Baba then described the Tibetan Sadguru Milarepa, who lived 900 years before (1025–1135):
He was the son of a rich man, but when Milarepa was [seven years old], his father died; and as often happens, his uncle raped his mother and stole the family fortune. The mother, in her hatred, asked her son to learn black magic to take revenge and ruin the uncle. The boy, while still young, learned the black arts to take revenge. He succeeded in mastering the destructive forces of nature and destroyed his uncle and his family and many others with a fierce storm. After the violent deed was done, he sat and wondered why he had done such a murderous thing. As he was an advanced soul, naturally he felt bad at having done such a foul thing for worldly purposes.
To repent, he took his black magic books and went in search of a Master. [He met the Guru Rongton, who sent him to Marpa.] After great difficulties, he found his Master, Marpa. Milarepa was 38. He had nothing but his books to offer in exchange for wanting God.

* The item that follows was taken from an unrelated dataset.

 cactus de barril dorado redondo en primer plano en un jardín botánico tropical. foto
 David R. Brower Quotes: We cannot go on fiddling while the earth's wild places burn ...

Marpa took him on as his servant for six years but gave him no food, and after a strenuous day's work, Milarepa had to go to the village and beg. Milarepa was given near impossible difficult tasks, such as building a small hut of stones with his bare hands. When completed, the Master Marpa would have the whole structure torn down on one pretext or another.
In this way, he would be harassed continuously; but Milarepa stayed on in the service of his Master, obeying his every word and so became the dust at Marpa's feet. After several years of such miseries, one day the Sadguru, pleased with his disciple's love and obedience, gave him God-realization in a moment, and afterwards Milarepa became a Perfect Master himself.